## What you will do:
Transcribe all data verbatim. Skip the pictures.

*** Opening of Listed entries ***

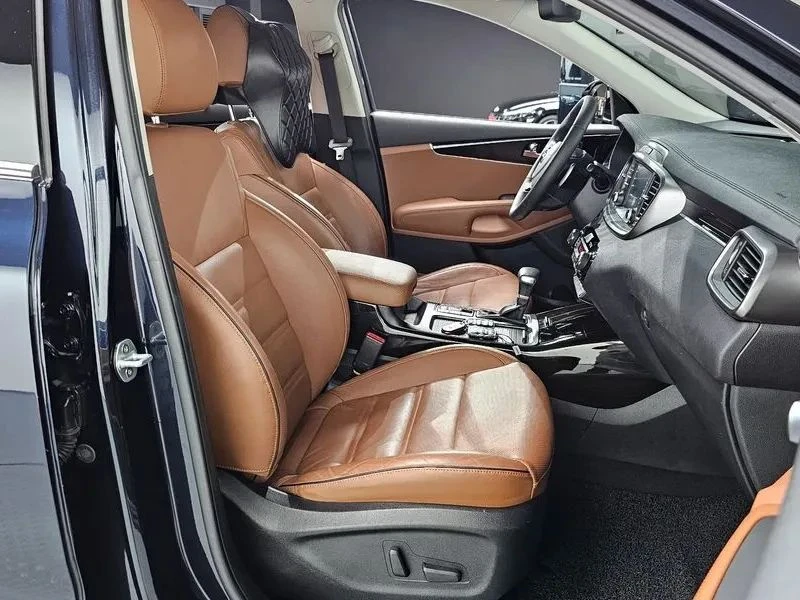 Kia Sorento, снимка 10 - Автомобили и джипове - 56737329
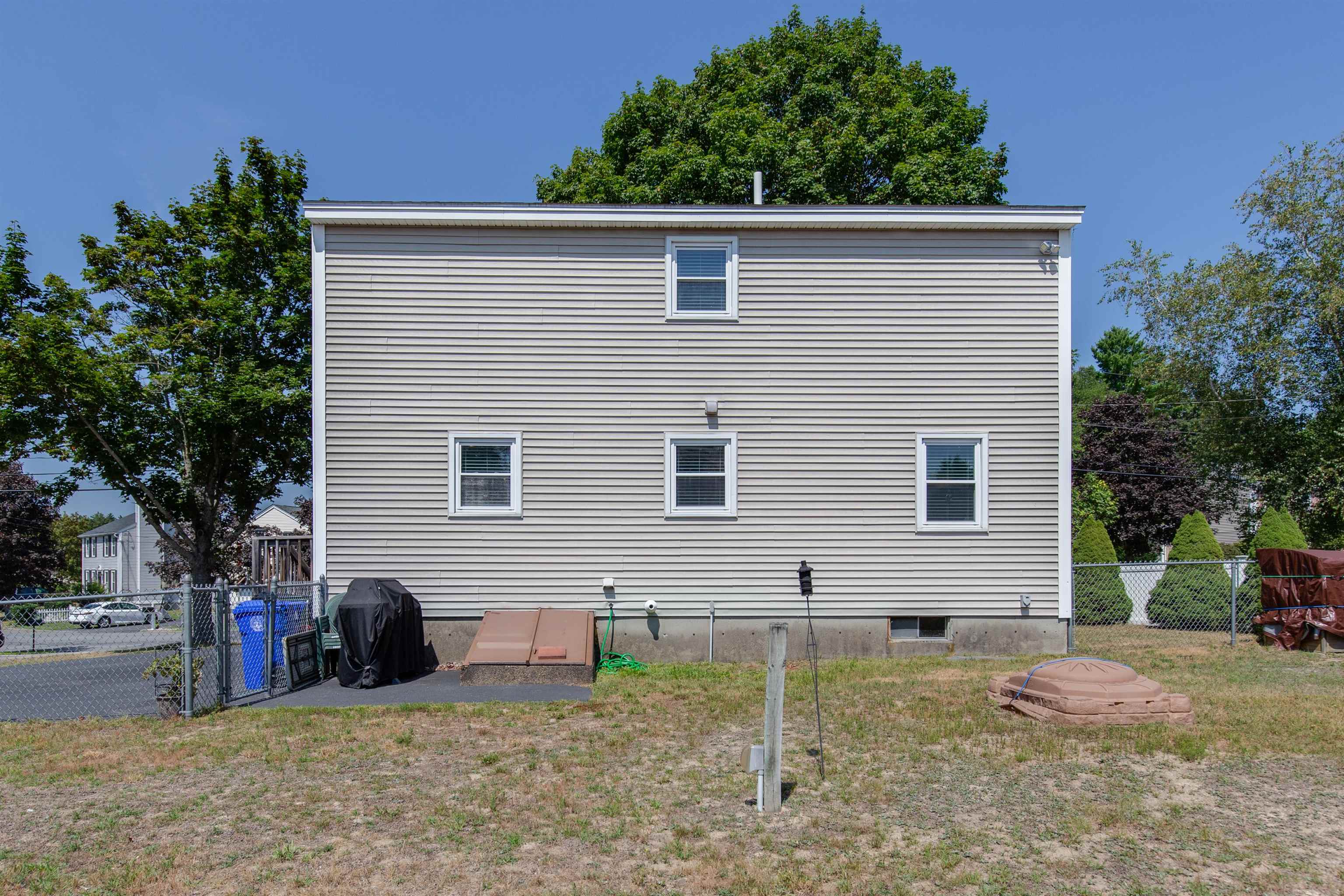 Manchester, New Hampshire 03109, United States, 3 Bedrooms Bedrooms, ,2 BathroomsBathrooms,Residential,Active,190425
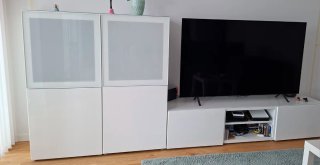 Mueble TV y vitrina Ikea Besta, blanco y cristal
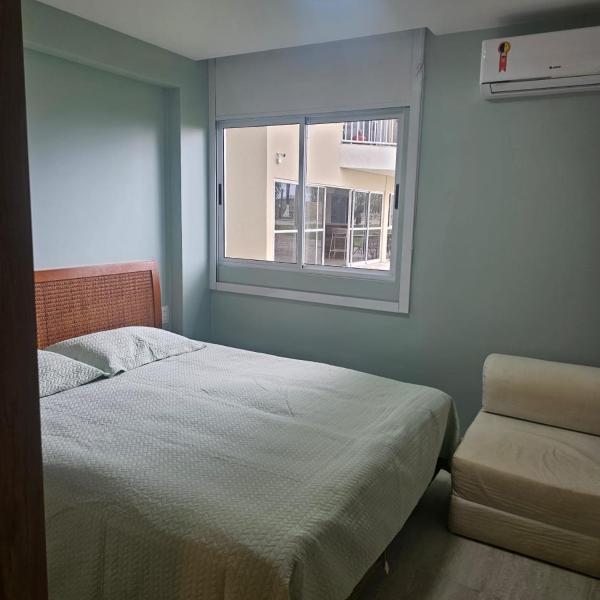 Flat com sala, suíte e banheiro social - pé na areia na praia de Muro Alto - Marupiara Suites - Foto 2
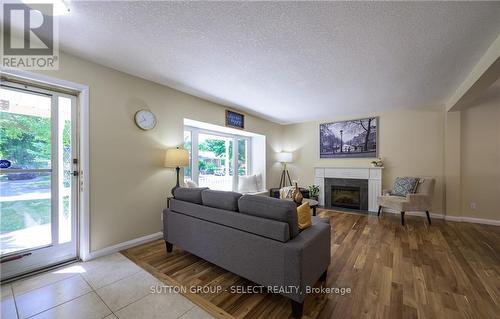 UPPER - 6 KIRKTON COURT , London North (North H), Ontario N5X 1T2 5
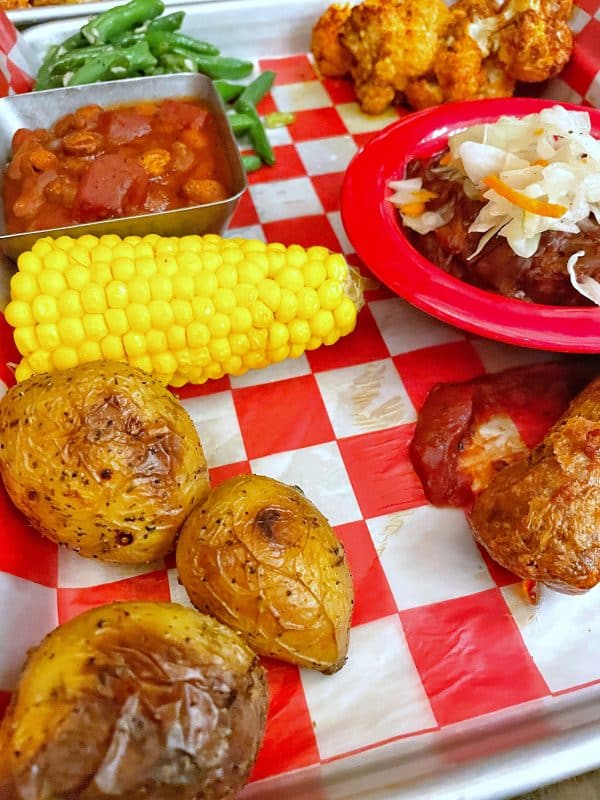 vegan entree at Hoop Dee Doo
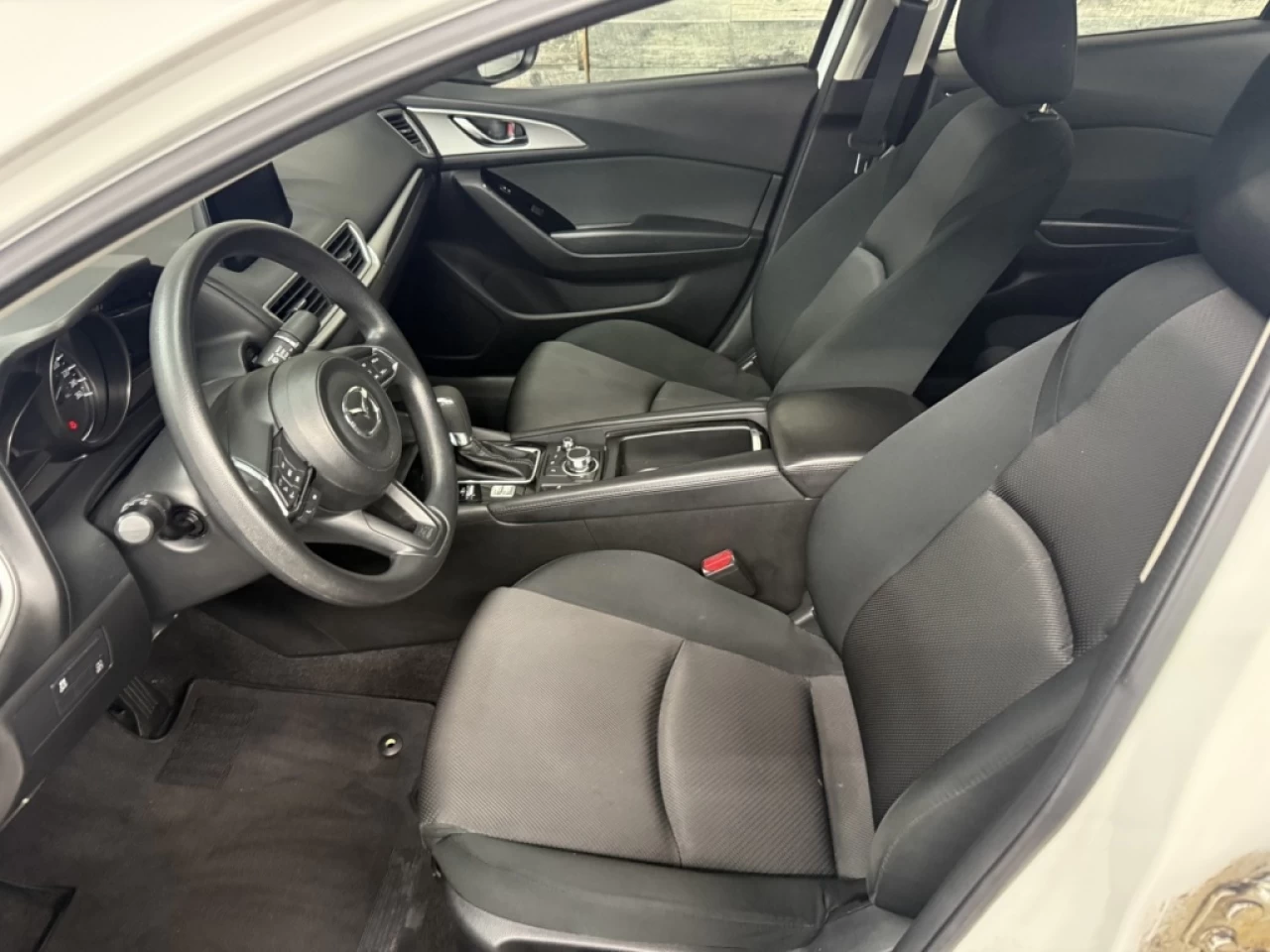 2017 Mazda Mazda3 GX AUTO CAM DE RECUL ** APPROUVÉ À 99.9% ** Main Image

*** Close of Listed entries ***

## Task answer:
 Kia Sorento, снимка 10 - Автомобили и джипове - 56737329
 Manchester, New Hampshire 03109, United States, 3 Bedrooms Bedrooms, ,2 BathroomsBathrooms,Residential,Active,190425
 Mueble TV y vitrina Ikea Besta, blanco y cristal
 Flat com sala, suíte e banheiro social - pé na areia na praia de Muro Alto - Marupiara Suites - Foto 2
 UPPER - 6 KIRKTON COURT , London North (North H), Ontario N5X 1T2 5
 vegan entree at Hoop Dee Doo
 2017 Mazda Mazda3 GX AUTO CAM DE RECUL ** APPROUVÉ À 99.9% ** Main Image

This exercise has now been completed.